No shortcuts to research information citizenship
Over the past decade, the research community has become increasingly comfortable using the language of openness. We talk about open science, open infrastructure, open metadata and open knowledge graphs. But openness, like citizenship, is not something that can be claimed by declaration alone. It is something that must be earned, maintained, and continually renewed.
Research information citizenship is not just about whether data is easy to access. It is also about ensuring that our data can be used responsibly, lawfully, and sustainably — without hidden dependencies, unacknowledged permissions, or fragile assumptions. In other words, data must have clear context. As we move into the latter part of the 2020s, it is worth asking an uncomfortable question: Have we finished building the open research information infrastructure we rely on, or have we merely convinced ourselves that we have?
The infrastructure decades
The 2010s were, by any reasonable measure, a remarkable decade for research infrastructure.
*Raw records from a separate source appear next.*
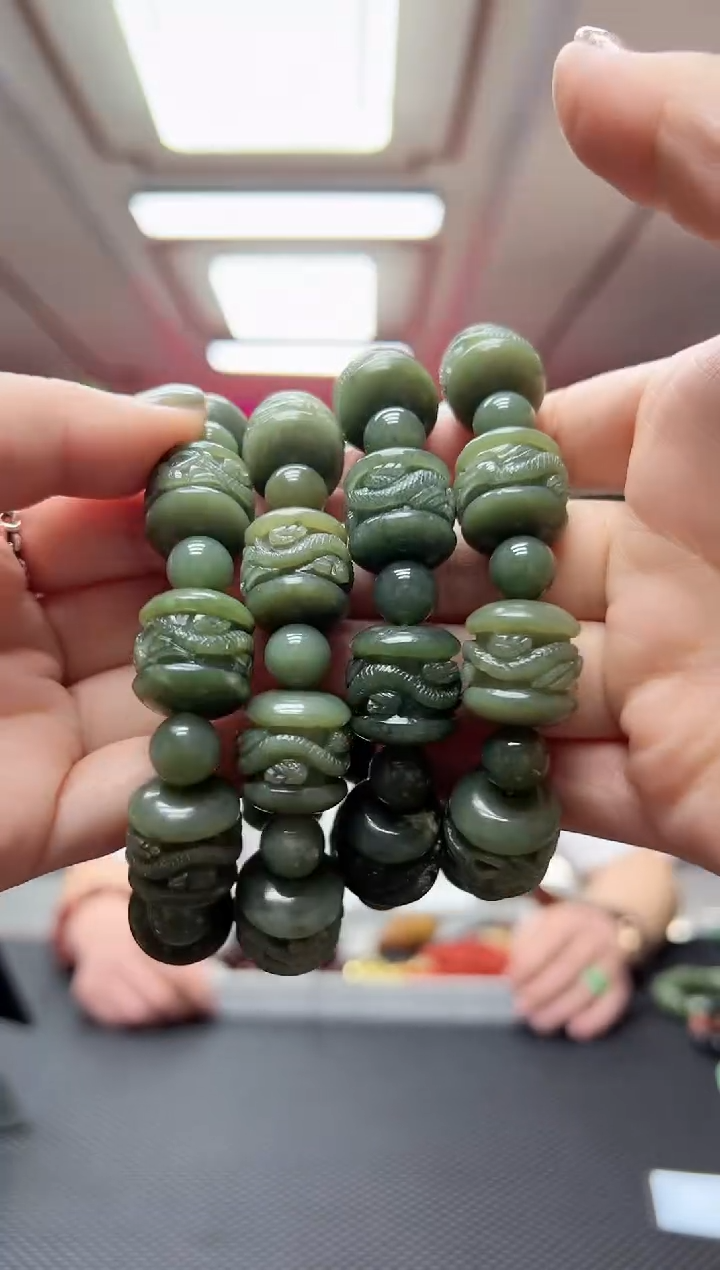 【闪购商品】和田玉手串未镶嵌龙柱/多样性发货其中发一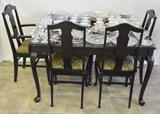 black Queen Anne style dining table w 4 chairs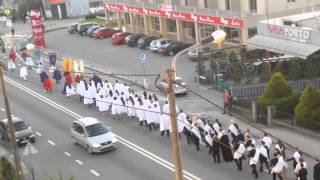 preview picture of video 'Encontro das Cruzes, Rumo a Igreja - Celeirós'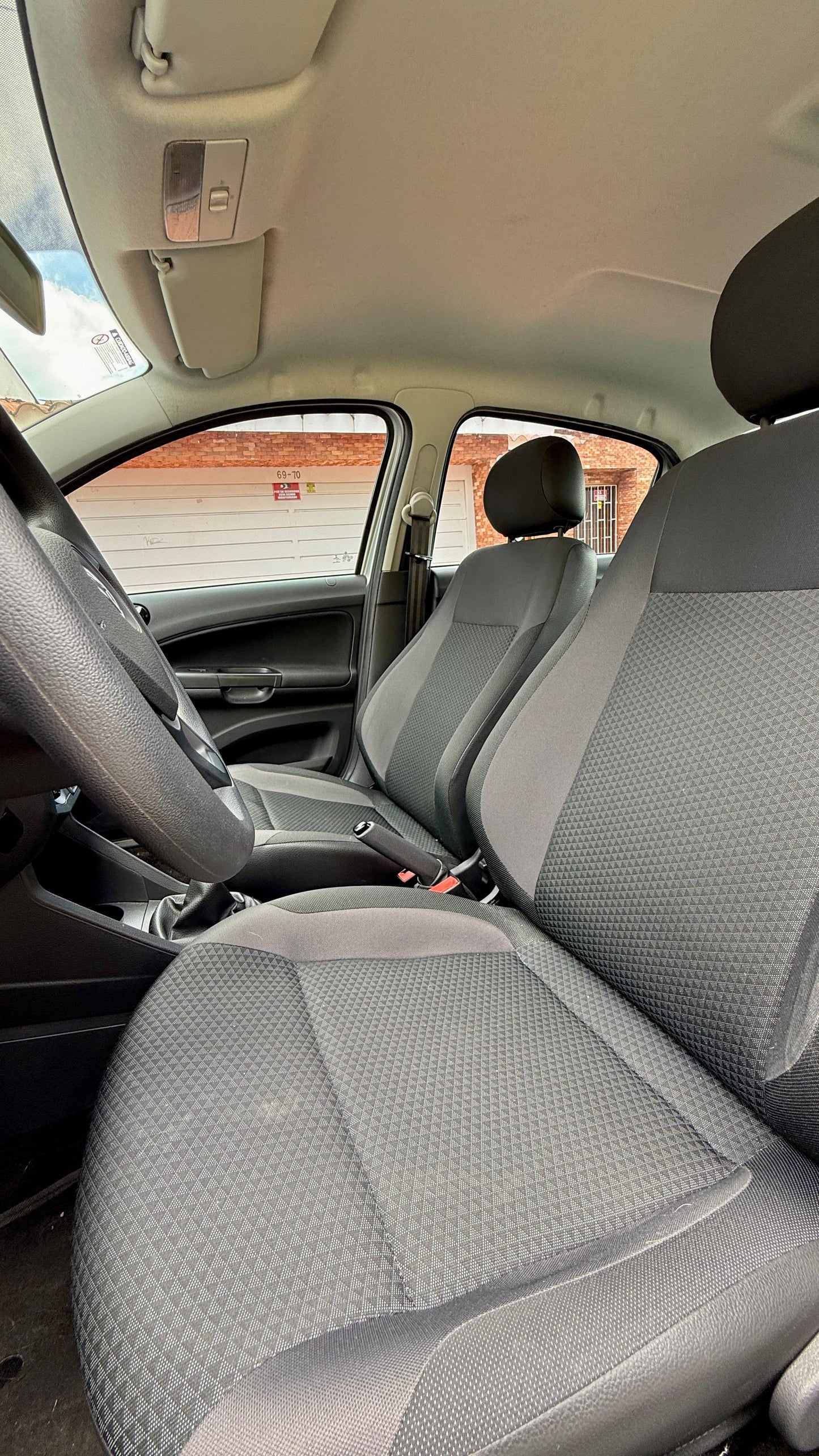VOLKSWAGEN VOYAGE TRENDLINE 1.6 2022 MECÁNICO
During that period the community converged on a shared vision of what good infrastructure should look like. Persistent identifiers became the backbone of scholarly communication. ORCID provided a global solution for researcher identification. DataCite joined Crossref to embed DOIs at the centre of the scholarly record. Later, ROR gave us a long-overdue open identifier for organisations.
This was not just technical progress; it was social progress. These initiatives succeeded not only because they were community-governed, interoperable, and explicitly designed to serve the public good, but because the community was the infrastructure. By the end of the decade, we had something rare in scholarly communication: broad agreement on the rails we wanted to run on.
The 2020s, by contrast, have been a decade of implementation. The challenge has not been inventing new infrastructure, but persuading the community to actually use what already exists — to connect ORCIDs to workflows, to deposit richer metadata, to treat affiliations, funding information, and relationships as first-class citizens rather than optional extras.
As we look towards 2030, the focus will change again. Research information is no longer just supporting discovery and reporting. It is becoming the substrate for assessment reform, large-scale analytics, AI-review systems and even AI-co-researchers. The next decade will not be about experimentation. It will be about interdependence on the sources of information that we implicitly accept as truth. And interdependence demands a far higher standard of robustness.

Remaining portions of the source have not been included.